Using biometric data to identify people may still seem like the stuff of science fiction, but it’s here today, and it’s become widespread. Companies use biometric data because it’s hard to fake, which makes it useful for preventing fraud. However, its permanence also makes it potentially dangerous, which has led to increasing regulation.
Biometric identifiers include physical characteristics like fingerprints, DNA typing, and retinal or iris scans, along with facial recognition and more behavioral traits like voice or gait recognition. We rely on these technologies every day when we use our fingerprint or a view of our face to unlock our phones, but they’re not perfect.
Many banks and financial institutions are also using “voiceprints” to identify both legitimate customers and known fraudsters. For example, when you call Chase about a credit card, a “unique voiceprint is created from more than 100 different physical and behavioral characteristics such as pitch, accent, shape of your mouth, and vocal tract as you speak with a customer service representative.” That voice ID is then “stored securely by Chase as a mathematical equation” for future verification of the caller’s identity. At the same time, Chase and other financial institutions are also compiling “voice biometric blacklists” to identify scammers who have a history of credit card fraud.

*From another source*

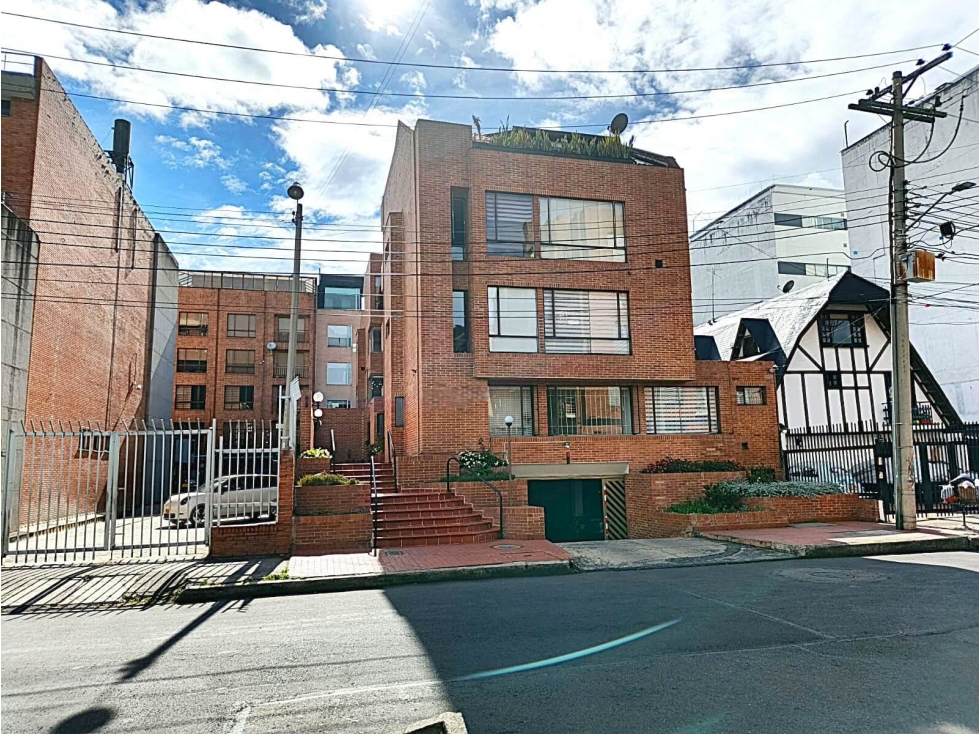 Apartaestudio en Venta en Santa Bárbara 31 M2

While there is no federal protection for biometric data in the U.S., several states have passed or are considering legislation. At this point, Illinois, Texas, and Washington have biometric privacy laws on the books, while the California Consumer Privacy Act goes into effect in January and Arizona, Florida, and Massachusetts have proposed laws. These laws differ in two significant ways: first, in how they define “biometric data,” and second, in whether individuals (or only state attorneys general) can bring a claim for violation of the law.

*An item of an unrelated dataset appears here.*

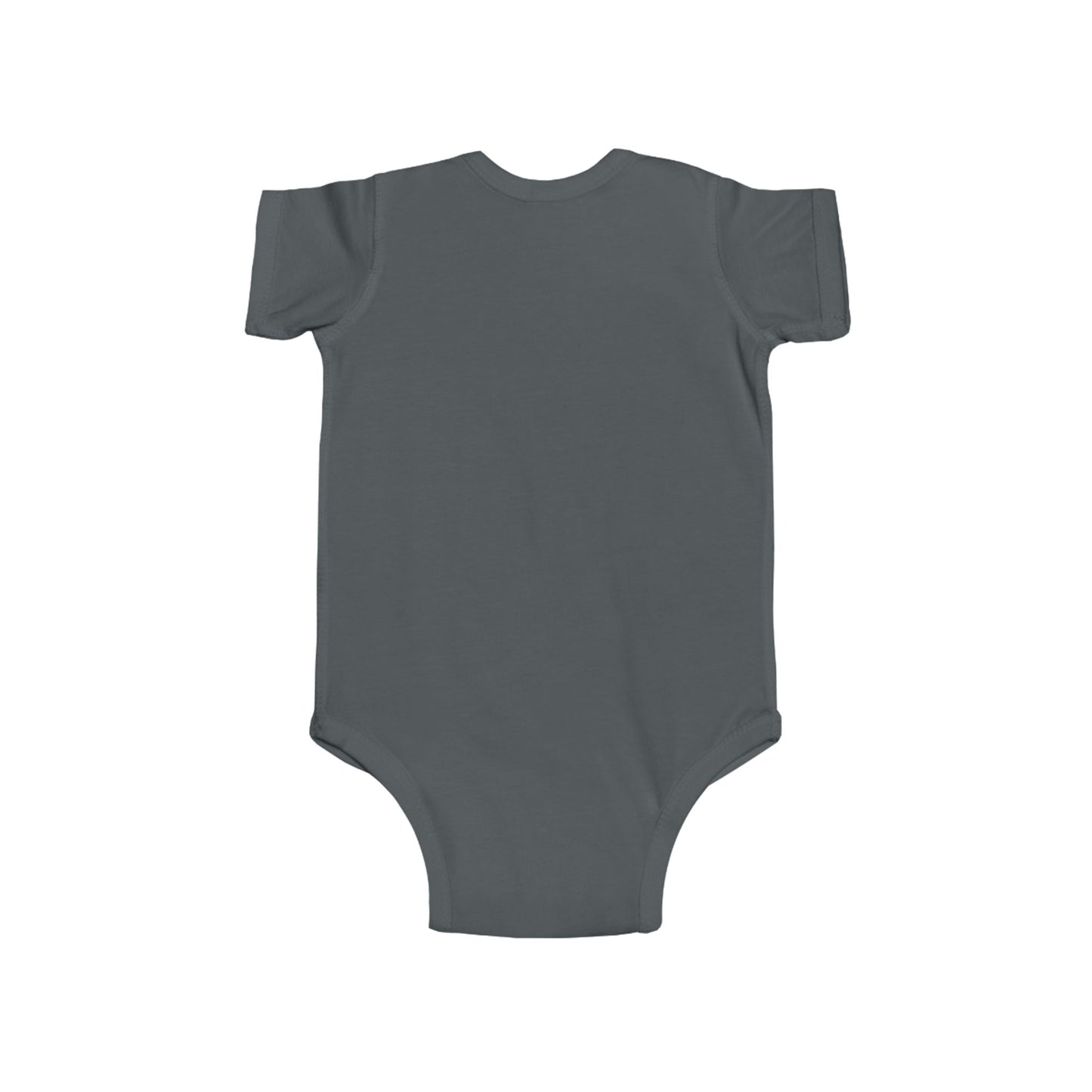 Infant Fine Jersey Bodysuit (Santa/Reindeer)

Illinois has both the oldest and the strongest legal protection for biometric data. Its Biometric Information Privacy Act, passed in 2008, requires that companies obtain consent prior to collecting biometric data and explain how they will use that data. The Illinois law allows for an individual cause of action, which has resulted in several tech companies facing biometrics claims in Illinois.
Earlier this year, the Illinois Supreme Court “upheld consumers’ right to sue companies for collecting data like fingerprint or iris scans without telling them how it will be used,” even if there has not yet been any direct injury caused by that violation. The lawsuit, Rosenbach v. Six Flags, alleges that Six Flags collected a teen’s fingerprint data without obtaining his consent or notifying him about how that data would be used and maintained.
Six Flags, like other companies that have come before it, argued that customers suffer no damages from their collection of biometric data until and unless they can demonstrate that it has been used to steal their identity or create a monetary loss. While a lower appellate court agreed, the Illinois Supreme Court reversed that opinion and remanded the matter to the trial court for further proceedings.
The biggest concern with biometric data is its immutability; a data breach involving biometric data could have permanent consequences, as a customer can’t just change their fingerprints, their face, or their voice if characteristics about those features are hacked or stolen. Six Flags promises that its “scan of your finger does not contain enough information to recreate your fingerprint,” but does that mean your biometric data is fully secure?
Probably not. As computer security company Norton puts it, “Any collection of data could eventually get hacked.” Just this month, we wrote about how data breaches continue to occur across companies of all sizes, despite improvements in online security.
For biometric data, these security concerns aren’t hypothetical: in August, a major breach was reported when biometric data and accompanying personal information were “found on ‘a publicly accessible database.’” That data was held by Suprema, which holds itself out as a “global powerhouse in biometrics, security, and identity solutions.” Yet the reported breach involved “almost 28 million records across more than 23 gigabytes of data—records they claim include ‘fingerprint data, facial recognition data, face photos of users, unencrypted usernames and passwords, logs of facility access, security levels and clearance, and personal details of staff.’”
Ediscovery professionals are all too aware of the value that organizations gain from collecting data, but that data also comes with liabilities. How are you accounting for the value of the data you maintain, and how are you planning for its costs? How much have you advised your customers and clients about the data you collect from them and what you do with it?
These questions will only become more pressing as data privacy protections increase.